=== Section Start ===

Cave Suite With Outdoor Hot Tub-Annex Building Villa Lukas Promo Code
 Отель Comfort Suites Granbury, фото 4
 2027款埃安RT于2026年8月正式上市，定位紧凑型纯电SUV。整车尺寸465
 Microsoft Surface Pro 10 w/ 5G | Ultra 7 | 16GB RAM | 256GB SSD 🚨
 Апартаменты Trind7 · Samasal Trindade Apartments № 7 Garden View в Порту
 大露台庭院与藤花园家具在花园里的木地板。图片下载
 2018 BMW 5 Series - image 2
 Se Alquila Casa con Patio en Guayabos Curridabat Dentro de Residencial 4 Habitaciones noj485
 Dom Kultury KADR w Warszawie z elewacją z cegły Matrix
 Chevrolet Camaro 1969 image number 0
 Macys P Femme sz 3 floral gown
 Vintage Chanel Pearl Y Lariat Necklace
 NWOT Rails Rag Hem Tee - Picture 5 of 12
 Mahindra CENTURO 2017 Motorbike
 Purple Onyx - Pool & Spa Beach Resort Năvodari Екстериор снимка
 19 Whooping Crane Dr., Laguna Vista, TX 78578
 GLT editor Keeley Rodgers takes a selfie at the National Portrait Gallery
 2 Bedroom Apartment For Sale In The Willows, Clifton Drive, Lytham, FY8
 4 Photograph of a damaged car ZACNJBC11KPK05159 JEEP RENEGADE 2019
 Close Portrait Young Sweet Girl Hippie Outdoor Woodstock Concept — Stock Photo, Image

=== Section End ===

Exercise instructions
From the material above, retype precisely the lines between the line holding "Отель Comfort Suites Granbury, фото 4" and the line holding "Chevrolet Camaro 1969 image number 0", inclusive, and nothing beyond them.

Answer to the problem
 Отель Comfort Suites Granbury, фото 4
 2027款埃安RT于2026年8月正式上市，定位紧凑型纯电SUV。整车尺寸465
 Microsoft Surface Pro 10 w/ 5G | Ultra 7 | 16GB RAM | 256GB SSD 🚨
 Апартаменты Trind7 · Samasal Trindade Apartments № 7 Garden View в Порту
 大露台庭院与藤花园家具在花园里的木地板。图片下载
 2018 BMW 5 Series - image 2
 Se Alquila Casa con Patio en Guayabos Curridabat Dentro de Residencial 4 Habitaciones noj485
 Dom Kultury KADR w Warszawie z elewacją z cegły Matrix
 Chevrolet Camaro 1969 image number 0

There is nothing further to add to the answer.